Inside the dining area, blue shutters frame murals of South American cathedrals, rolling countrysides, and maps of Mexico. An outdoor patio offers people-watching opportunities, and the second-floor balcony lets you look people in the eye when telling them you know they are actually a bunch of children stacked up under a big coat.
Chefs craft authentic Mexican dishes for dinner and lunch, using fresh ingredients and choice cuts of imported meats. Kitchens simmer sauces to order instead of pre-making and freezing blocks of mole, and guarantee every vegetarian entree is fully meat-free by dusting all tortillas, rice, and vegetables for butchers' fingerprints. A batch of fresh, hot tortilla chips and a dish of salsa greet each table, and Cuzamil's Murray Avenue location pours 15 different Mexican beers and 40 tequilas.

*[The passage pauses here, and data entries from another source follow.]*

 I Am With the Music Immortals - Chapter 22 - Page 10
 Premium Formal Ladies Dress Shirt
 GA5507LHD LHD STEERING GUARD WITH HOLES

Cactus Blue prides itself on serving up authentic Puebla cuisine, as well as popular Mexican dishes that garnered this eatery the title of favorite Mexican restaurant in Lehigh Valley Style's 2010 Decadent Dish reader poll. The massive menu boasts more than 75 dishes, which include the Fajitas Blue with pork, seasoned strips of grilled pig accompanied by pico de gallo, guacamole, flour or corn tortillas, and an elderly bluesman on harmonica ($14.95). Peninsula enthusiasts engage with baja-style tacos filled with beef or chicken and topped with red cabbage, baja sauce, and cheese ($12.95). Opting for a lighter meal of grilled tilapia ($14.95) saves stomachs room for tres leches cake, a sweet sponge pastry drenched in three types of milk ($5.95). Cactus Blue is BYOB, ensuring that diners can sip on their favorite spirits while ensconced in the restaurant's warm-hued, red and burnt sienna interior.

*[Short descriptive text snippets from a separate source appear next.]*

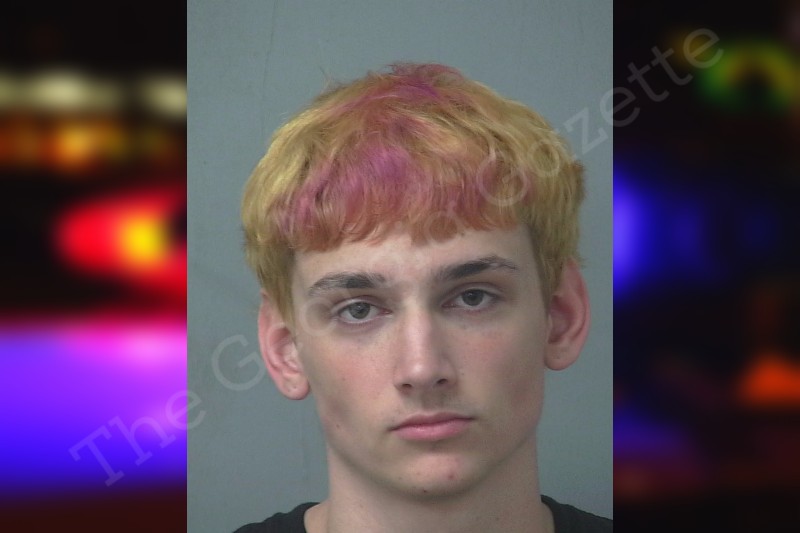 Jacob Buckner County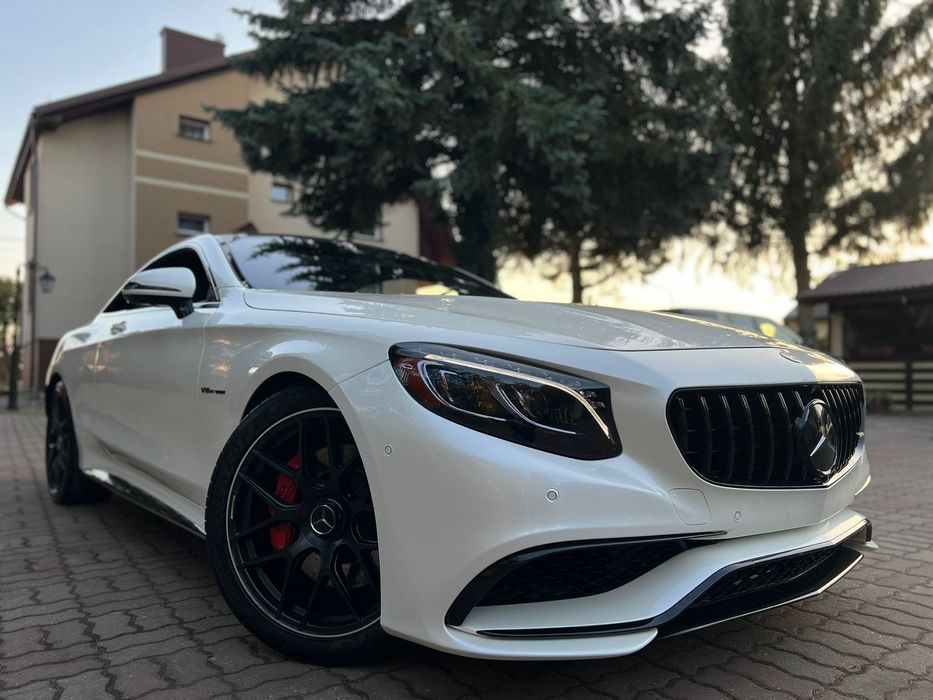 Mercedes-Benz Klasa S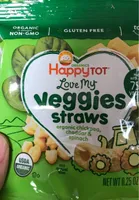 Veggies Straws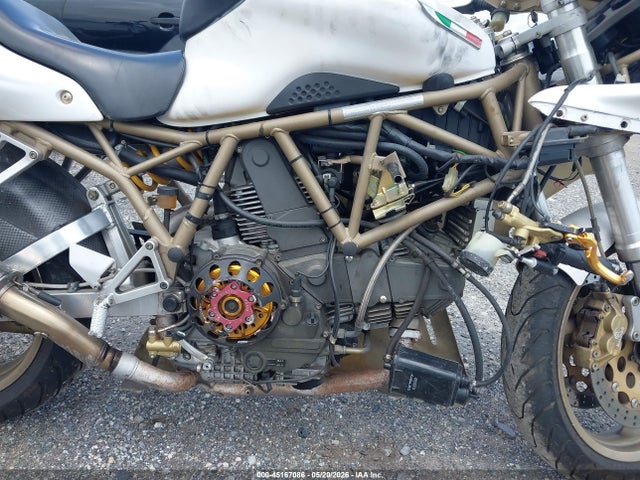 Ducati 900 Ss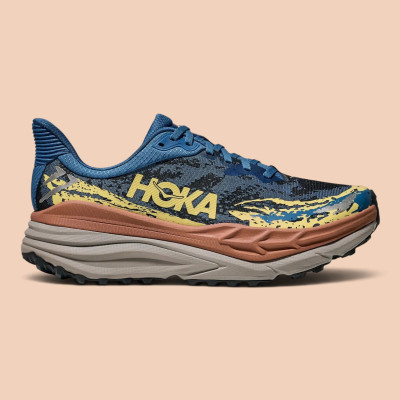 HOKA - Stinson 7 - Foggy Night / Cardamom
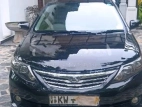 Toyota Allion 260 2013 Car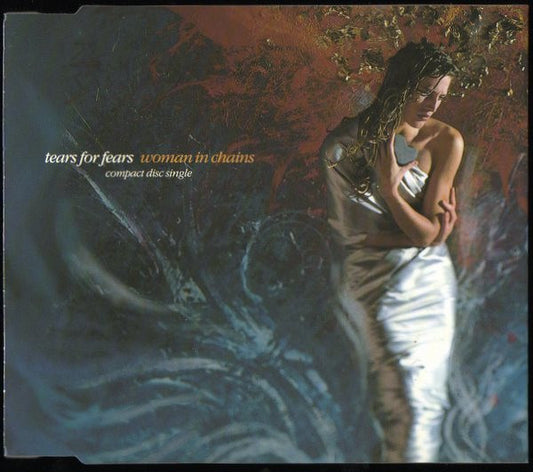 Tears For Fears : Woman In Chains (CD, Single)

It must be humbling for Chef Franciso Argueta to walk through Mamita's Restaurante Latino, with its elegant flourishes of brick accents, turquoise walls, and a toffee-hued wooden trim. Humbling, because it all started on his farm in El Salvador, where his mother prepared three meals for roughly 20 workers each day. Watching her work instilled in Argueta both a sense of leadership and a solid base in home-cooked Latin cuisine.

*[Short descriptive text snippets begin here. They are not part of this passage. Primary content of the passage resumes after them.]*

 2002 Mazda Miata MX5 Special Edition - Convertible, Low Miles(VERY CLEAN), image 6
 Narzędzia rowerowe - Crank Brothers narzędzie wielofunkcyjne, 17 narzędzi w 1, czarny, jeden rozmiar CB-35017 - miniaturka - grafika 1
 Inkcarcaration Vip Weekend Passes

Mamita's is his newest venture in Newtown, designed to honor his mother's work. The menu features his reimagination of her traditional fare in everything from fajitas and carne asada to bright, citrus-infused ceviche. Complementing the dishes are seasonal specials and homemade drinks featuring fruit such as pear, papaya, and mango. What's more, the restaurant is BYO, so diners are encouraged to bring in their favorite brews or tequilas, yet discouraged from hiding a gin still in the coat closet. In addition to Mamita's, Chef Francisco also owns Francisco's on the River and Florentino's Italian Cuisine.
Las Velas' dinner menu tempers a raging appetite by dancing a crispy tortilla flag dunked in salsa ($2.50), guacamole ($3.75), or queso ($5) in front of you. Las Velas offers a smattering of soups, starters, and salads. Try corn empanadas ($7.50) with cheese and choice of fish, fungi, chicken, or beef, or a fresh burrito salad that features everything but shell ($9.50). Main courses include personalized tacos ($9 for two), burritos ($10.50 to $13), chilaquiles al natural (tortilla chips doused in green salsa and piled high with chicken or steak, onions, cilantro, cheese, and sour cream, $12), and alambres (chicken or steak topped with grilled peppers, onions, and a heap of melted cheese, $16). The crepas Las Velas ($9.50) brings the spark tableside with ripe strawberries and bananas blazed with a sugary syrup and dosed with cognac. Spicy savories and sweets can be washed down with a house margarita ($6) or traditionally prepared mojito ($6.50).